→ Work to complete
Go through the data below. List every line that holds the word "Mercedes".

→ Provided material
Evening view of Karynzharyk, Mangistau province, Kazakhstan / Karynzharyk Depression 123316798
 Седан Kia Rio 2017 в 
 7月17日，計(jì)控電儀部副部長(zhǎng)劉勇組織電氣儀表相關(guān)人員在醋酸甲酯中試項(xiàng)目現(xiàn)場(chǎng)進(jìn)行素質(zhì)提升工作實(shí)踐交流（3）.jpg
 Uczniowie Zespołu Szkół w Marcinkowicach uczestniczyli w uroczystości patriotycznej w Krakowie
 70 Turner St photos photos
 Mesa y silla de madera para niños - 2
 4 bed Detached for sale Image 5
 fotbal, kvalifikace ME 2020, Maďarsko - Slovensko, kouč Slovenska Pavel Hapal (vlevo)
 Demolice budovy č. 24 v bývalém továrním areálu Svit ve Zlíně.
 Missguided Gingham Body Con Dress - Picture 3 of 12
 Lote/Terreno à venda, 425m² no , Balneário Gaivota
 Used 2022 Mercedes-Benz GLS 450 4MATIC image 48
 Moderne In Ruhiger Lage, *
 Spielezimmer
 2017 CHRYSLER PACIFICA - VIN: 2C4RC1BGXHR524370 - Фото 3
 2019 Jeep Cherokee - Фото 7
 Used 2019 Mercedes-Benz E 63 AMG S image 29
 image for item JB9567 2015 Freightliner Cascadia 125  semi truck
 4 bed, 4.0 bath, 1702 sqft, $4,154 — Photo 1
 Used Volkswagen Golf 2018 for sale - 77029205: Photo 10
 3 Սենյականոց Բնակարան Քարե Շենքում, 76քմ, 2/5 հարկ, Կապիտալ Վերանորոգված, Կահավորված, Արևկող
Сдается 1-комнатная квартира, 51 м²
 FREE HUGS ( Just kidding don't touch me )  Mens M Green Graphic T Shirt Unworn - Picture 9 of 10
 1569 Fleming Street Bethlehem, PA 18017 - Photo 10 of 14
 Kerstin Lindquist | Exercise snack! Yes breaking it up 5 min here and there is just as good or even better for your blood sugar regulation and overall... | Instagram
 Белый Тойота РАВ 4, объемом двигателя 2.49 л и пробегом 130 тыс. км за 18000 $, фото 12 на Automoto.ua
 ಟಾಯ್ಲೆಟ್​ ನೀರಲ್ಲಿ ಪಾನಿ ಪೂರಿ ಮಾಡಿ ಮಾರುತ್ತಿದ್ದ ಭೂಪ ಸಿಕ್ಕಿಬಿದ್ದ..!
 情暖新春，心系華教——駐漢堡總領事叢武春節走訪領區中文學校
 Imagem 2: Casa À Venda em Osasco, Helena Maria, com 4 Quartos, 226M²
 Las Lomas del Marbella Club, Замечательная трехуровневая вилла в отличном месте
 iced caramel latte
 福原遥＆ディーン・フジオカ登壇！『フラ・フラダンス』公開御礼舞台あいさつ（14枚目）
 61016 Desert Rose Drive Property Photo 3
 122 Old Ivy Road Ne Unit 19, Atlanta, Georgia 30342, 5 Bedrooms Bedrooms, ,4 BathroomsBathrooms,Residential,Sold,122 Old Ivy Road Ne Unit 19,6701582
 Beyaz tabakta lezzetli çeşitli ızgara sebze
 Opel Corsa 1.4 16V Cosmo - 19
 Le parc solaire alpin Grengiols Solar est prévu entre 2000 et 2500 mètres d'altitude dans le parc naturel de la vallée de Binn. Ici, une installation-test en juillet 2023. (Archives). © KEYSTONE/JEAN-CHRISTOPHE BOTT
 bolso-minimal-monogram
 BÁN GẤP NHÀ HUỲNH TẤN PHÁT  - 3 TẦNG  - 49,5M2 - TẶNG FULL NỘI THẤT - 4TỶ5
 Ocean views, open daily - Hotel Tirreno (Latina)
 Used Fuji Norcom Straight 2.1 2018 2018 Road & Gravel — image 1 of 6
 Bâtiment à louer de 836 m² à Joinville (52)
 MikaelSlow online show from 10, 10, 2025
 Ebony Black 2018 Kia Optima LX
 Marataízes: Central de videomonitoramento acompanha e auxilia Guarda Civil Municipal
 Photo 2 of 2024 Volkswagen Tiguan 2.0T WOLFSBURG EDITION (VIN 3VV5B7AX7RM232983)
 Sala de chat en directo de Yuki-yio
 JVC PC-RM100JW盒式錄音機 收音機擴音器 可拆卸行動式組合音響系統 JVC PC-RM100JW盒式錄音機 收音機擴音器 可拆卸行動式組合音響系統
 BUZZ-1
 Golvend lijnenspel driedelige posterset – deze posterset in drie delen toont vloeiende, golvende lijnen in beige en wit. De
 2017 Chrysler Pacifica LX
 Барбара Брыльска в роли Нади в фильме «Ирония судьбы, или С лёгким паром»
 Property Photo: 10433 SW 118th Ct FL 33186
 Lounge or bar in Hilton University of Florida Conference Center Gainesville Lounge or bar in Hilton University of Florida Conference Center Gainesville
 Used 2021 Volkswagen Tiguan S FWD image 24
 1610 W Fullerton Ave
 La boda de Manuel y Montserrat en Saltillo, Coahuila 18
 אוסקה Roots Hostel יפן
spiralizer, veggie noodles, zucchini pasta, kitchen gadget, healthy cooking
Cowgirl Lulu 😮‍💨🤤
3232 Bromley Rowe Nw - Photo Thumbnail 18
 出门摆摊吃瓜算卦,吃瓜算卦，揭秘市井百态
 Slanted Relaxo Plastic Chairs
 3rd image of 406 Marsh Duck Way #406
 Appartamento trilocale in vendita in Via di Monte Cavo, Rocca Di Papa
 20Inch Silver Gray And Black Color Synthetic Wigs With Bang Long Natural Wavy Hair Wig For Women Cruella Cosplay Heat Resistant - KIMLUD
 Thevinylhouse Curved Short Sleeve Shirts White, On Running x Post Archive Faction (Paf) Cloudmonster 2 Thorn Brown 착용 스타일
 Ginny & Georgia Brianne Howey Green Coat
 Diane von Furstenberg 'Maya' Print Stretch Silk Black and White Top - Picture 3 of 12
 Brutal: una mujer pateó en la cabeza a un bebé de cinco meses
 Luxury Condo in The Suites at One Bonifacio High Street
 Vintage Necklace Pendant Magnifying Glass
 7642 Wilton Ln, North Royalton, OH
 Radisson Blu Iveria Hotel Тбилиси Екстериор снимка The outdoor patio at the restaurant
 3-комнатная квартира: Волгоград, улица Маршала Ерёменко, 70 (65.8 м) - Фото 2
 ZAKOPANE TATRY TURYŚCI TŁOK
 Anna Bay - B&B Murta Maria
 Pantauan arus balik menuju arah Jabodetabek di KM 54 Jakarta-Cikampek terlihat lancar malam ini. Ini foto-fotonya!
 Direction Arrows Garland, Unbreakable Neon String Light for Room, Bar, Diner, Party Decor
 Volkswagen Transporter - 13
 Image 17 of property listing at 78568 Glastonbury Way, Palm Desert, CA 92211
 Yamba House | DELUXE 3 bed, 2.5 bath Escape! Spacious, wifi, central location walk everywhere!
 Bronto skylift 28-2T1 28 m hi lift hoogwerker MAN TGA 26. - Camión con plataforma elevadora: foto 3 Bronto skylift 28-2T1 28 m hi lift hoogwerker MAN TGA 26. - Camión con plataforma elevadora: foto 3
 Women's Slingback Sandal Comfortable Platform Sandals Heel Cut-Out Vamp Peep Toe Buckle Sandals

→ Answer for this exercise
 Used 2022 Mercedes-Benz GLS 450 4MATIC image 48
 Used 2019 Mercedes-Benz E 63 AMG S image 29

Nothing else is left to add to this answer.